Saturday, April 16, 2011

Jitterbug Perfume

By Tom Robbins
★★★★☆

Four Things I Liked About Jitterbug Perfume:
1. Beets.
2. Magical realism.
3. Convergence of four narratives.
4. Sheer span and scope of the story - time, place, and content.

This book came highly recommended, but I wasn’t sure if it lived up to the hype until just about the last page. And even then, I wasn’t sure how I really felt about it. On the one hand, I’ve never read anything quite like it before, and I loved the way the last 20 pages coalesced the whole narrative into a final, momentous throb of significance. On the other hand, I was never fully enveloped into the story until those last 20 pages or so, and there was a lot about Robbins’ style I wasn’t sure he was pulling off. But maybe that’s part of the book’s greatness – that it is so wholly unique you don’t even know what to make of it. It certainly had me thinking the entire time, whether I was trying to draw connections between the apparently incongruous narrative threads, trying to construct meaning from a seemingly random assortment of themes and motifs, or savoring the smattering of perfect passages like melted chocolate on my tongue. In any case, I was never passively flipping pages, living only in the current scene while letting the previous one slip unnoticed out of my mind like the memory of last Monday’s breakfast. Instead I was collecting them one by one like cards in hand, on alert for the royal flush.
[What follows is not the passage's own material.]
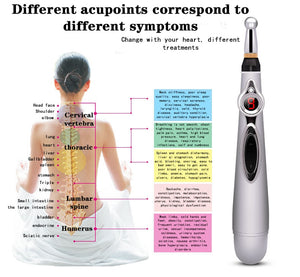 AccuPen® - Electronic Meridian Acupuncture Energy Pen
The novel begins with this line: “The beet is the most intense of vegetables.” And somehow, in the course of 388 pages and a couple thousand years, it evolves from rumination on the passionate qualities of the beet into an elaborate and philosophical tale of love, immortality, divinity, the sacrifices we make to modern life, and the intangible spark that keeps the human condition aflame.

The Prologue begins with a beet, then moves to Seattle, Paris, and New Orleans, before settling on ancient Bohemia, where the real action begins. In three parts, the novel primarily follows Alobar, a former king and his – for lack of a better word – wife, Kudra, who individually cheat death, cross paths, and unite to seek the path to immortality, with the help of the dying pagan god of basic human instincts, Pan. Yet while the majority of the novel is devoted to Alobar’s ongoing quest through the past, each section concludes with shorter chapters set in contemporary Seattle, Paris, and New Orleans, which follow three unlikely perfumers: a waitress by evening who tracks down an elusive formula trapped in the dregs of an old blue perfume bottle by night, the elite LeFever brothers who possess perfumery’s most infallible nose, and an enormous, fills-the-room-with-her-sheer-size-of-body-and-personality woman in charge of a rundown family business nonetheless devoted to the craft. The four separate narratives seem disconnected until the last 100 some odd pages, when Alobar’s time catches up to real time and converges with Seattle, Paris, and New Orleans.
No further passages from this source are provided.